### [TASK PROMPT]
Once the line containing "Guesthouse ERI Syros Greece" appears, output it and each remaining line of the records below exactly, with no pictures and nothing more.

### [RAW DATA]
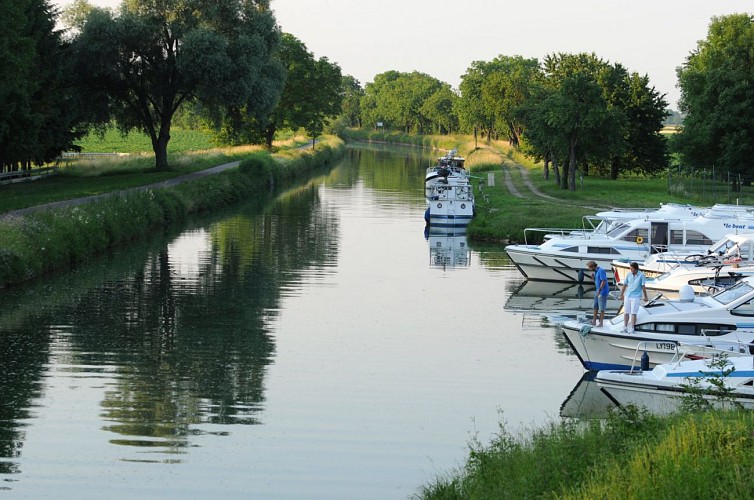 Nautische Haltestelle - Le Boat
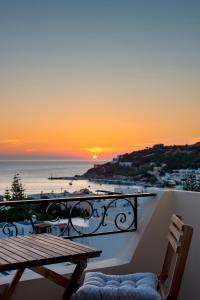 Guesthouse ERI Syros Greece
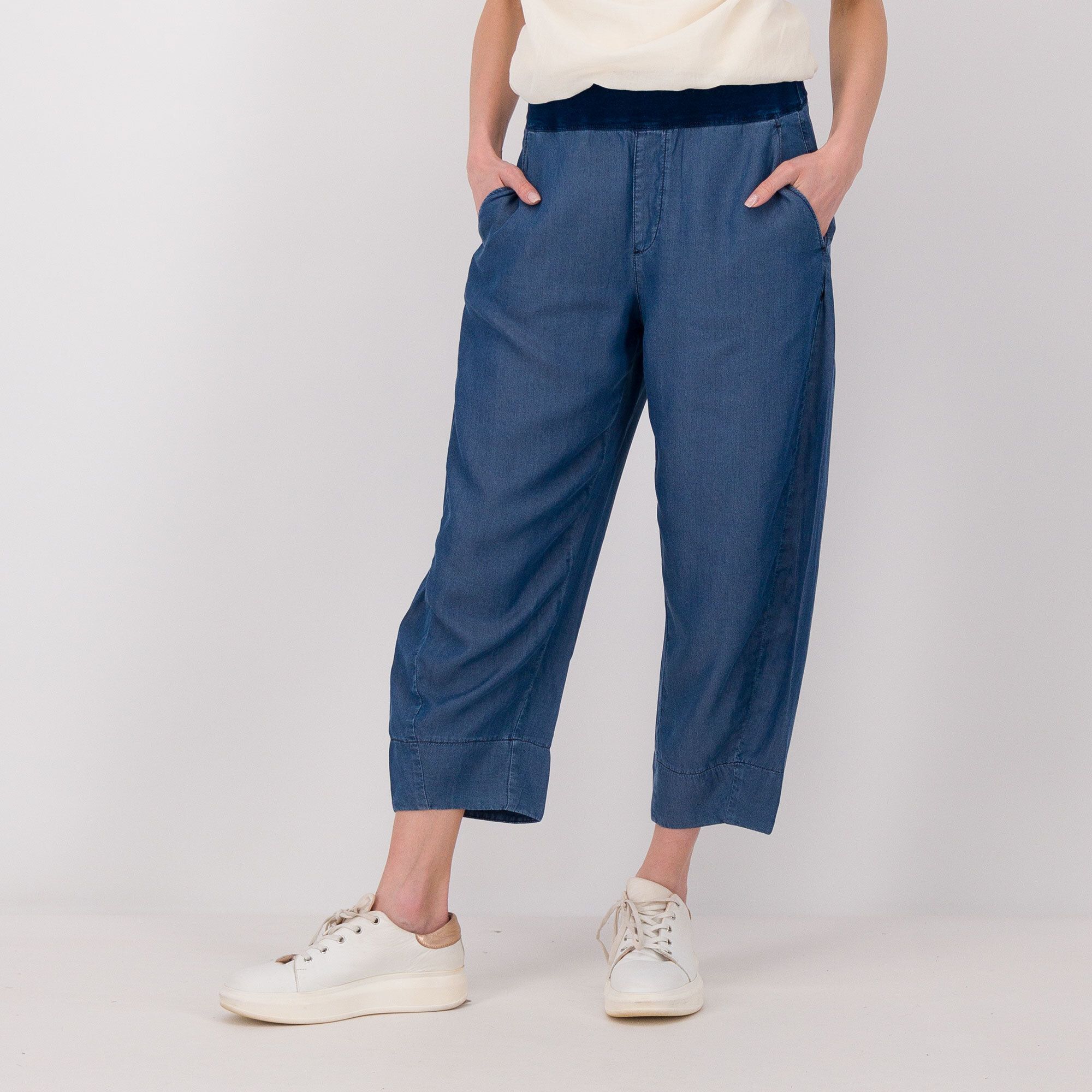 Image of Colour Lab Pantaloni a carota in tessuto Lyocell denim061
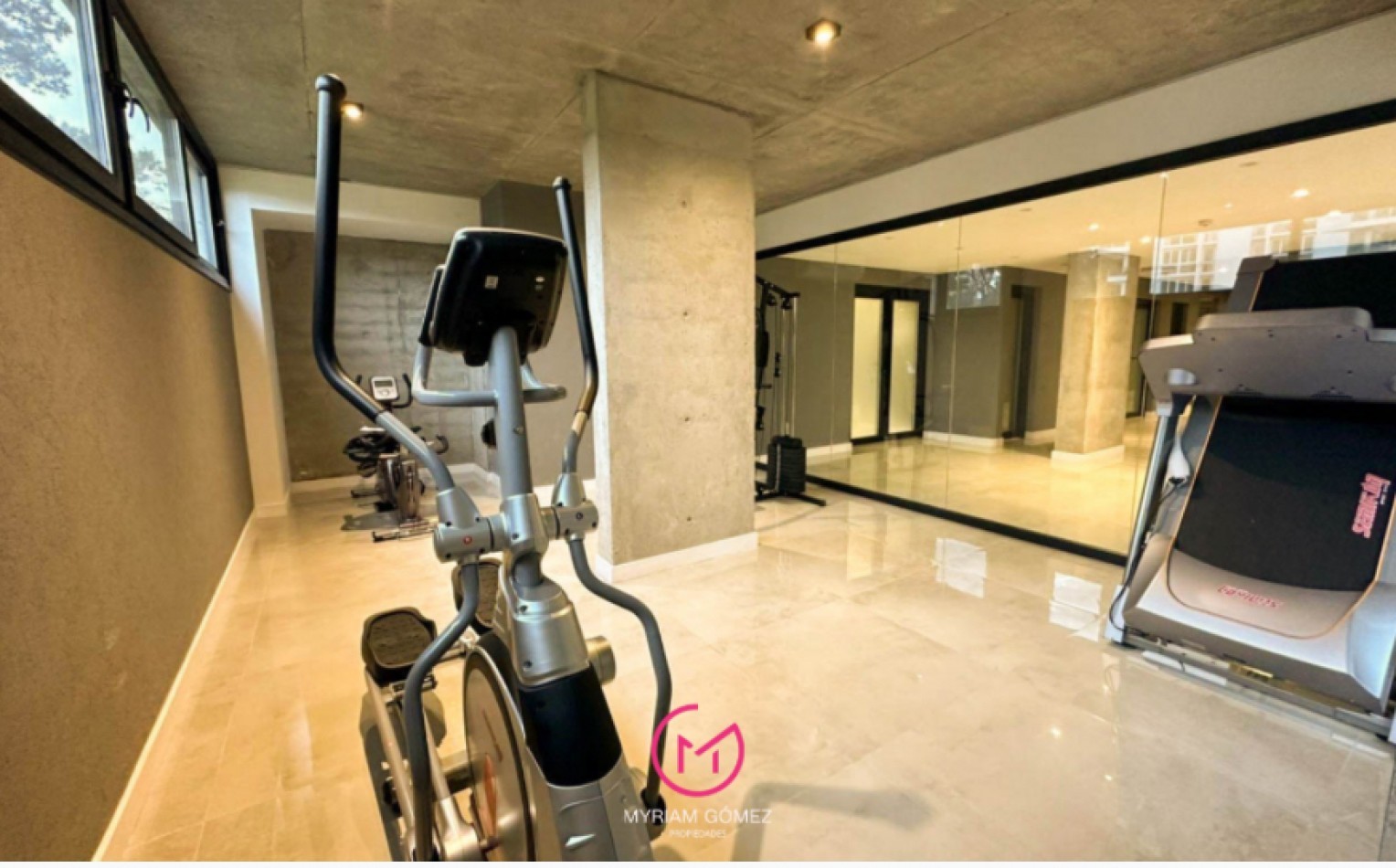 DEPARTAMENTO 2 AMBIENTES - ALQUILER DE VERANO - PINAMAR HOLLYWOOD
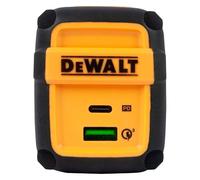 DeWALT Caricatore da parete Europa PD a 2 porte 49,5 W una porta USB C e una porta USB A Qualcomm® Quick Charge™ 3.0. Offre una velocità di ricarica 2,5 volte più veloce per dispositivi potenti grazie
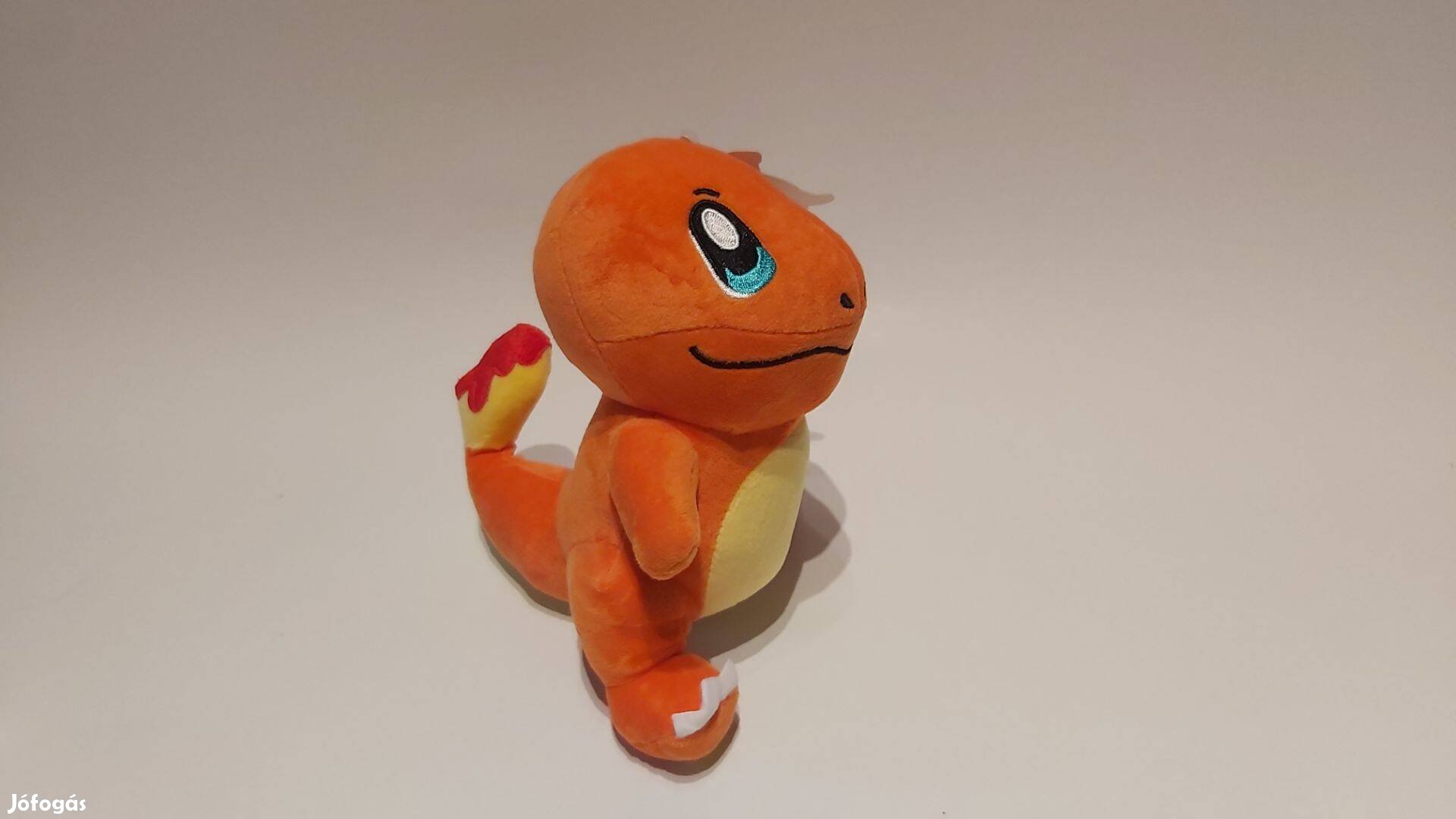 Charmander plüss 23 cm számlával készleten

### [RESPONSE BELOW]
 Guesthouse ERI Syros Greece
 Image of Colour Lab Pantaloni a carota in tessuto Lyocell denim061
 DEPARTAMENTO 2 AMBIENTES - ALQUILER DE VERANO - PINAMAR HOLLYWOOD
 DeWALT Caricatore da parete Europa PD a 2 porte 49,5 W una porta USB C e una porta USB A Qualcomm® Quick Charge™ 3.0. Offre una velocità di ricarica 2,5 volte più veloce per dispositivi potenti grazie
 Charmander plüss 23 cm számlával készleten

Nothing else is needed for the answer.